RMI-PACTA / actions

Actions for GitHub workflows
4 stars 0 forks source link

feature: `docker-check-R-sysdeps.yml` should only check sys deps of dependencies #79

Open jdhoffa opened 4 months ago

jdhoffa commented 4 months ago

confirmed that going with this is probably more ideal (and doesn't have the same problem)

req_r_pkgs <- sort(unique(pak::pkg_deps(pkg = ".")$package))
pak::sysreqs_check_installed(packages = req_r_pkgs)

Originally posted by @cjyetman in https://github.com/RMI-PACTA/workflow.data.preparation/issues/221#issuecomment-2074560917

AlexAxthelm commented 4 months ago

Hmm. Even upon first glance, this looked like a non-trivial problem to solve, but as I'm looking at it more closely, it's getting trickier.

I think a reasonable approach would be to only check sysdeps for packages in IMPORTS (not SUGGESTS) of some vector (possibly length 1) of packages (such as just the workflow.* package in those repos), and on down through the IMPORTS tree. Generating that vector procedurally (possibly with some manual override) seems finicky, but doable.

The harder part here is in determining what sysreqs are actually relevant to include in an image. For example, the DESCRIPTION for arrow (proximal cause for this issue) has:

SystemRequirements: C++17; for AWS S3 support on Linux, libcurl and openssl (optional);
    cmake >= 3.16 (build-time only, and only for full source build)

which means that although there's no actual Requirements (and some are only needed at build-time), they're all getting picked up by pak as requirements.

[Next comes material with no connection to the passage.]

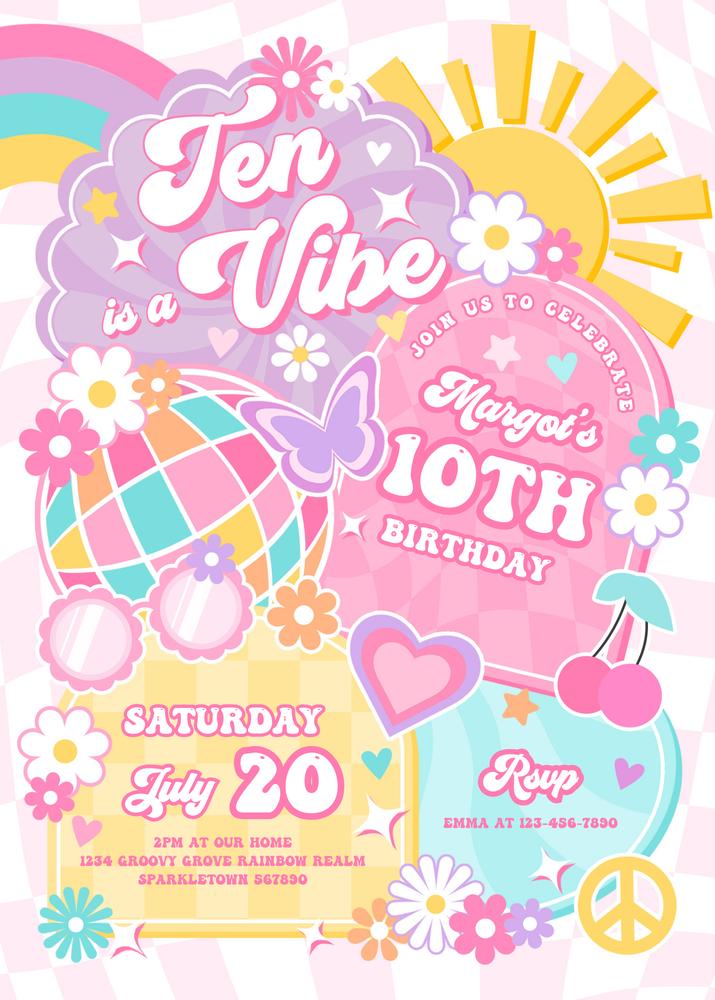 Ten Is A Vibe 10th Birthday Invitation | Groovy Rainbow Sunshine Canva Template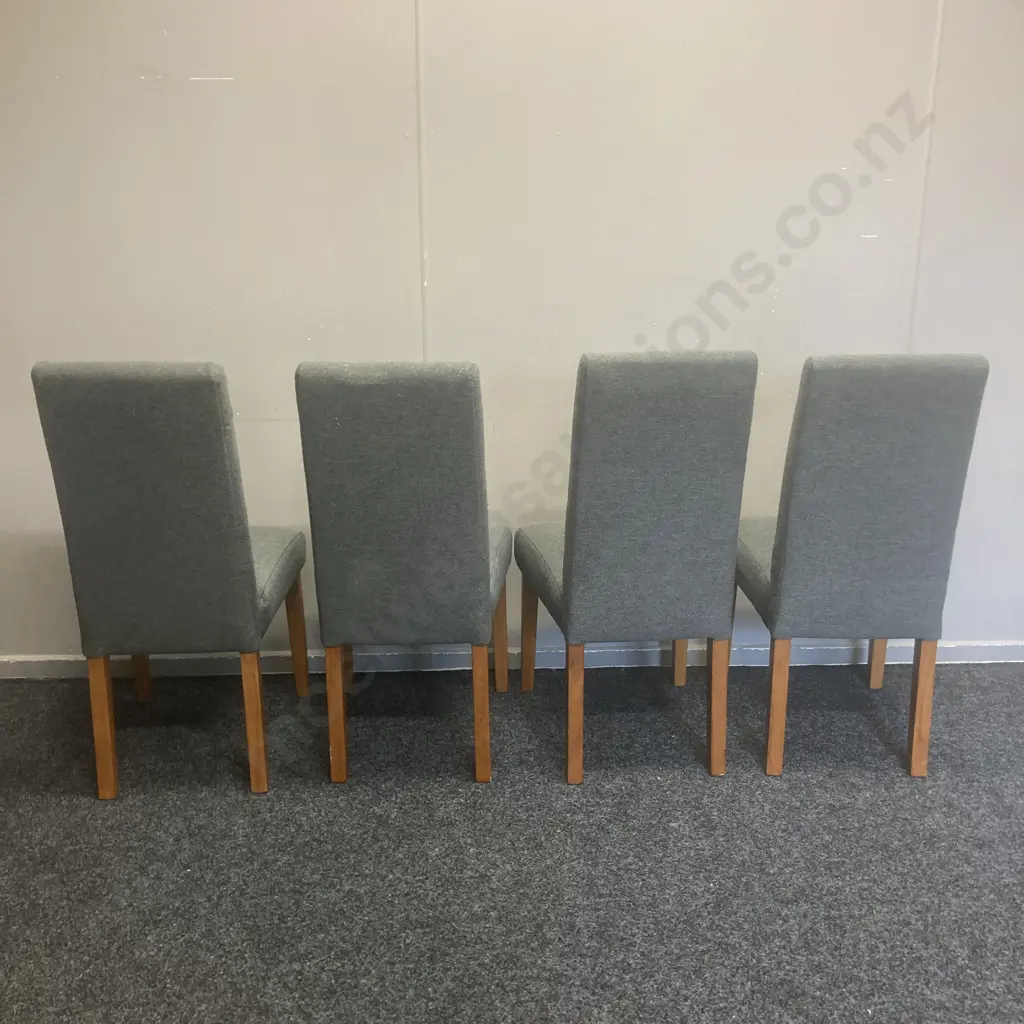 Set of 4 Grey Fabric Highback Dining Chairs With Wooden Legs Image 1++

The best solution would be if R had some way to distinguish between these, but I don't think that's coming any time soon, so maybe a better option would be to have an ignorelist, along the lines of

"sysreqs_ignore": [
  "arrow": ["C++17", "cmake"]
]

But overall, I'm wondering if the better option is to drop this check, and have practical (in situ) testing check for missing dependencies instead. That would be tougher to set up on the front end, but we'd only get true positives. For example, if we're using RPostgres without libpq installed, we'll get errors. The tricky part of testing anything with an acual sysdep, is that a lot of the time, those are there for communication to an external system, and that means we would need to have integration testing (against an actual PSQL instance, in this eaxmple) that would probably need to run in sequence/parallel with the "unit" tests. For example, the unit tests for workflow.factset use an in-memory SQLite, rather than a Postgres instance for unit tests, so we would need to set up a set of checks that actually test against a Postgres instance in addition to the SQLite to feel confident we've captured the necessary sysreqs.

@jdhoffa @cjyetman